I’m a bit stumped, so am grateful for help you have to offer.
Thanks
Replies
Here, the standard for woodstove installation over a wood floor is 2" of solid concrete. (It doesn't have to have ventilation space under it for the floor; wall shields do.)
We usually accomplish that by building a form out of finish-grade 1x3 screwed vertically to the floor (counterbore & plug the screw holes), lining it with galvanised flashing metal (to prevent leaks into the floor during the pour), placing concrete patio tiles so as to fill as much of the space as possible (saves mix) , and then pouring concrete to fill the rest of the space. Then we float it, using the top of the form as the screed.
If you're going to set tile or stone on the hearth, you can lay it directly in the concrete once it starts to set up a bit, but in that case float the concrete below the top of the form so the surface of your tile/stone is flush with it when you're all done.
Dinosaur
How now, Mighty Sauron, that thou art not brought
low by this?
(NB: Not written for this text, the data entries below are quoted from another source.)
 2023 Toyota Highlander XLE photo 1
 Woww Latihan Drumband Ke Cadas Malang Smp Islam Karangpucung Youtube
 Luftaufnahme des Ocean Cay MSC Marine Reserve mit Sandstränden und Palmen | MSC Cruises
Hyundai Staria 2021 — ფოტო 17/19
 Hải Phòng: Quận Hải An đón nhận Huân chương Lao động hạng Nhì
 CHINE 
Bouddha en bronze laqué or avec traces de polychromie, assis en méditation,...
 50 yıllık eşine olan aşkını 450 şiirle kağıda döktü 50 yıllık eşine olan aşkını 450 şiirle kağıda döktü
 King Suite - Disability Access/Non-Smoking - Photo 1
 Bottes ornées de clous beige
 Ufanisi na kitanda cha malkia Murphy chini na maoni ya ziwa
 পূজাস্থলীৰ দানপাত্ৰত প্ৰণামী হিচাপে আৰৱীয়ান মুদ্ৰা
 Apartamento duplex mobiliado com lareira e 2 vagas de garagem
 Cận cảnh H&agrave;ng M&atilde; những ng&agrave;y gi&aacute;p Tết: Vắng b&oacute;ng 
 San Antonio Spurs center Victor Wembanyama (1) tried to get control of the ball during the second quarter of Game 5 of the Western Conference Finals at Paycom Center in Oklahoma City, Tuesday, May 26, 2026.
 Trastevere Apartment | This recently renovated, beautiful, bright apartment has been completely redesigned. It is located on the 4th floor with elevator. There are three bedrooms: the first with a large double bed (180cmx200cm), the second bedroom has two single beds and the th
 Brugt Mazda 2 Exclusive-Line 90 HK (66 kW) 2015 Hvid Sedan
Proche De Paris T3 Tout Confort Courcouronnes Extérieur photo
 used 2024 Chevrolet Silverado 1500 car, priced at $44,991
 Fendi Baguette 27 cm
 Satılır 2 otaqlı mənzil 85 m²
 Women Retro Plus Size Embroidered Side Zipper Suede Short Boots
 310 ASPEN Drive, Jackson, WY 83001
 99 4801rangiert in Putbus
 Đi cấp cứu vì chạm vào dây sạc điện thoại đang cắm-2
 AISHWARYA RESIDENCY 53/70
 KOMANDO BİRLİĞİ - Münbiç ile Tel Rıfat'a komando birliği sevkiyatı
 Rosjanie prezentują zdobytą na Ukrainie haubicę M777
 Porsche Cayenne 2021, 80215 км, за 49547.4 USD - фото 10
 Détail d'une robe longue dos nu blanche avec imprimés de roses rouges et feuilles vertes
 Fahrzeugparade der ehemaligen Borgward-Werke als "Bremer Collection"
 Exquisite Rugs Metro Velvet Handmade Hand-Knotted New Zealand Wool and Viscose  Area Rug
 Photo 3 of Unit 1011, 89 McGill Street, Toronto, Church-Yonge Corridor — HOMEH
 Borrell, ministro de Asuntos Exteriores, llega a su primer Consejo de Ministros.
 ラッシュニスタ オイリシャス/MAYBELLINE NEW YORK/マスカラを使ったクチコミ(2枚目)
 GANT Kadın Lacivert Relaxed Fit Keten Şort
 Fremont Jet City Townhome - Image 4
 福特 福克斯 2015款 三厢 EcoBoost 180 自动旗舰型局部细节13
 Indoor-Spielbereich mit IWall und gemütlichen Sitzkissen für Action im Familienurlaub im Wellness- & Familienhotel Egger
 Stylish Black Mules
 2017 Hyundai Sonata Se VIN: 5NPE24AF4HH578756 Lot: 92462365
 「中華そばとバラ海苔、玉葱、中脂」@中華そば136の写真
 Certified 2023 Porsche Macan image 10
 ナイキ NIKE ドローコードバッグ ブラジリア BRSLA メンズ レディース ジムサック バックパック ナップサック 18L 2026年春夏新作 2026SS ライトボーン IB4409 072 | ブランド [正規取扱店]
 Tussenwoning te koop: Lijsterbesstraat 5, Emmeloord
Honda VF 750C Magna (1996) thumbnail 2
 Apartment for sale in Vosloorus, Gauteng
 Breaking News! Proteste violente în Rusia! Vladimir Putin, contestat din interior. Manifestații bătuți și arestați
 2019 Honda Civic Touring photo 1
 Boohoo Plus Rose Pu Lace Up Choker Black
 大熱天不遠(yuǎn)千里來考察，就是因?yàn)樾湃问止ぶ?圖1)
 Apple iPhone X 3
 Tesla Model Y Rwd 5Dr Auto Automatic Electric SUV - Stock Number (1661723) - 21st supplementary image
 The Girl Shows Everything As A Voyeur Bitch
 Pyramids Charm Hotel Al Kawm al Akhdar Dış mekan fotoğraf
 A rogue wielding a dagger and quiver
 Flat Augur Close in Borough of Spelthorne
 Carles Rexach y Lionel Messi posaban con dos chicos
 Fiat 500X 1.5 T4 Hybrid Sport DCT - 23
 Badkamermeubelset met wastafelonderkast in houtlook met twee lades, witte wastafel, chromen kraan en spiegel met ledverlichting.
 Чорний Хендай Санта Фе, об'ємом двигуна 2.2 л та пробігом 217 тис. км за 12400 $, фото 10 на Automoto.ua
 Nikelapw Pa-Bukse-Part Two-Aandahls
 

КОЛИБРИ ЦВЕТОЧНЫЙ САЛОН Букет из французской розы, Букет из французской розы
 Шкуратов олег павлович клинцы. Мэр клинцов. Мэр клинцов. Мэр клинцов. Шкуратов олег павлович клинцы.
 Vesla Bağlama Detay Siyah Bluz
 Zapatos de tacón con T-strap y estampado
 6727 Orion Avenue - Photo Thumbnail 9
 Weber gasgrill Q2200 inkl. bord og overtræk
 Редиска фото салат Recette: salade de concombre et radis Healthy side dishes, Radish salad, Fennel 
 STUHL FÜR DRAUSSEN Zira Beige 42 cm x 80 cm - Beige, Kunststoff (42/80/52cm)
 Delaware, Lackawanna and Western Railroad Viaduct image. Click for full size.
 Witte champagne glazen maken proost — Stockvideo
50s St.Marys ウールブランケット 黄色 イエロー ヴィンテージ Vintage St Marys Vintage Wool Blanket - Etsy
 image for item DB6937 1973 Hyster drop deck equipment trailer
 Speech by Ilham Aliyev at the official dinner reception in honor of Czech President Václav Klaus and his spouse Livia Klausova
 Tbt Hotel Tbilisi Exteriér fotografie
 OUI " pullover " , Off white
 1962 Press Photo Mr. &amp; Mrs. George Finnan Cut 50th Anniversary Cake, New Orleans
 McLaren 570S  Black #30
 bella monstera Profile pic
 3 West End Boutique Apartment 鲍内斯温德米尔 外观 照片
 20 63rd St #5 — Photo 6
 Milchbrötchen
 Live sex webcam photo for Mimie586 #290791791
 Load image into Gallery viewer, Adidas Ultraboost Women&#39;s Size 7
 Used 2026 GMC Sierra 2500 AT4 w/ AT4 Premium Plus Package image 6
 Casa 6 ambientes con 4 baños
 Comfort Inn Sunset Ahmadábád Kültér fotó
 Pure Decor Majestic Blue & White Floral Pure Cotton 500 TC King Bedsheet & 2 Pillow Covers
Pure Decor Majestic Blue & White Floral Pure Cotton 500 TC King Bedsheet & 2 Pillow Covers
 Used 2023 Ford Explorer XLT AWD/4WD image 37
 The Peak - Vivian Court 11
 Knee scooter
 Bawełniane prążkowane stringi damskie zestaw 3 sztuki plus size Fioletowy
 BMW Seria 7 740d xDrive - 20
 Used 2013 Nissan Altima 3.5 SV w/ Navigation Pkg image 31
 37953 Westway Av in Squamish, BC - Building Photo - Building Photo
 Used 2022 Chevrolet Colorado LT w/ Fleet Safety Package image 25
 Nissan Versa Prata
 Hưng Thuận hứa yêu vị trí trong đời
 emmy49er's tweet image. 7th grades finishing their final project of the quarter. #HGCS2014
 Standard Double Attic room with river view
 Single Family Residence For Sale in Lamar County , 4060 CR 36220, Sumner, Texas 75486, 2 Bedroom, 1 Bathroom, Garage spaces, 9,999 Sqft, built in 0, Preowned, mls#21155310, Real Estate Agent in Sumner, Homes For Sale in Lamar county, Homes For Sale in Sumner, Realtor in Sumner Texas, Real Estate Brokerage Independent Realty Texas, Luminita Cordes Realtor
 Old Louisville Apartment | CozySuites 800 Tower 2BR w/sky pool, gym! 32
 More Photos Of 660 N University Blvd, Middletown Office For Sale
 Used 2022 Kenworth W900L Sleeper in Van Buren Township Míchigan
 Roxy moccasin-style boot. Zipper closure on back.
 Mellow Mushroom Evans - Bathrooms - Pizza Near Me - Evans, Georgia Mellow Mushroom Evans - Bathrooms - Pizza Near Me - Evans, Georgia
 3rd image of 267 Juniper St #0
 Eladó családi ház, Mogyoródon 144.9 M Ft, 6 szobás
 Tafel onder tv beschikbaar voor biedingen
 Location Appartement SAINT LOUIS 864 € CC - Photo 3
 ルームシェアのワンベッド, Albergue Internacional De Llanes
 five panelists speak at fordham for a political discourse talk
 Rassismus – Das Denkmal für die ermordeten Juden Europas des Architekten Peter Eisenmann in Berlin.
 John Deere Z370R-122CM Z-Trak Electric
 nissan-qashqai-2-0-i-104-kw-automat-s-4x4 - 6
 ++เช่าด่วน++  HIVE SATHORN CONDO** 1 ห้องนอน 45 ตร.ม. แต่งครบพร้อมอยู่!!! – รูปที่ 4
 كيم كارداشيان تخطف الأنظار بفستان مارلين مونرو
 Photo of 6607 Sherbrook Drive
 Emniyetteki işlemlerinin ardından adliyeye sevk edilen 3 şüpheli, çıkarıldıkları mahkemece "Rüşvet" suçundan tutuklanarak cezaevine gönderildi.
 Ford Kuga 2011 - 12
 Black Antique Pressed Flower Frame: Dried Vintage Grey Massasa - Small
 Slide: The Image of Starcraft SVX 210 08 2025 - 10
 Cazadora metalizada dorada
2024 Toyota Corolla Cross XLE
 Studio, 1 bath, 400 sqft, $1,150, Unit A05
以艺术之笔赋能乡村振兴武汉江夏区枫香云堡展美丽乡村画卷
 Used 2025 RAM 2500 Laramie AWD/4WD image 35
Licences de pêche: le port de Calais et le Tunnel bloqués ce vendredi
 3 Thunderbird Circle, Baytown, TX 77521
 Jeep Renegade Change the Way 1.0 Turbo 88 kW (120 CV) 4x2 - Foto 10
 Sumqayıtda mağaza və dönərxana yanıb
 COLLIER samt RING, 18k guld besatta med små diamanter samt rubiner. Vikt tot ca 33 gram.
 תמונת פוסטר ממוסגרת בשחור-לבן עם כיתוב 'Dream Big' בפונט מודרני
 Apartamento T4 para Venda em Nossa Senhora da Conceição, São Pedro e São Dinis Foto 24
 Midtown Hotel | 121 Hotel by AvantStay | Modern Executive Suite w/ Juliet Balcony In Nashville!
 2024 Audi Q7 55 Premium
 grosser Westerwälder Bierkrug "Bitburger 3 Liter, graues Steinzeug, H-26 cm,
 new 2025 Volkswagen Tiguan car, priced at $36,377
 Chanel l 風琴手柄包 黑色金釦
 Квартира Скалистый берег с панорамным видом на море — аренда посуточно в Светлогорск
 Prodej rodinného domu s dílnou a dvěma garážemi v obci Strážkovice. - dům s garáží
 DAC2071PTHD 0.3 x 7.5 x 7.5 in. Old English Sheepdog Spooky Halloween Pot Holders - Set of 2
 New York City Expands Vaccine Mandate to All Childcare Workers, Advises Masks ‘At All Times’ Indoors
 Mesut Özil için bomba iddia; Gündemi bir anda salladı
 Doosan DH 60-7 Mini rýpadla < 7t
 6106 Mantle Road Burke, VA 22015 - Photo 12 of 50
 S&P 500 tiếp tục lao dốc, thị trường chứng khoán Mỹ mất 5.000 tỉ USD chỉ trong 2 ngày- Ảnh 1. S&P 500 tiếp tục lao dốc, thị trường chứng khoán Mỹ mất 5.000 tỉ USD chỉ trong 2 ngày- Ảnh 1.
For thine evil pales before that which
foolish men call Justice....
I'd lay down a few layers of hardibacker and tile over that. Something like a slate would be my choice.
I have seen a very clean setup whereas the tile guy used some 1-1/2" steel angle, carefully mitered and welded into the shape that fit the area (a half octagon, whatever that's called), with the thin portion of the angle pointing up making a nice smooth rim. Then backerboard and tile was installed inside the steel rim. Much cleaner than tiling the 1" edge down to wood.
Beer was created so carpenters wouldn't rule the world.
Check your instructions again, I think mine called out a non combustible surface with a minimum R value. I used Micore 300(mineral board) tile backer and tile.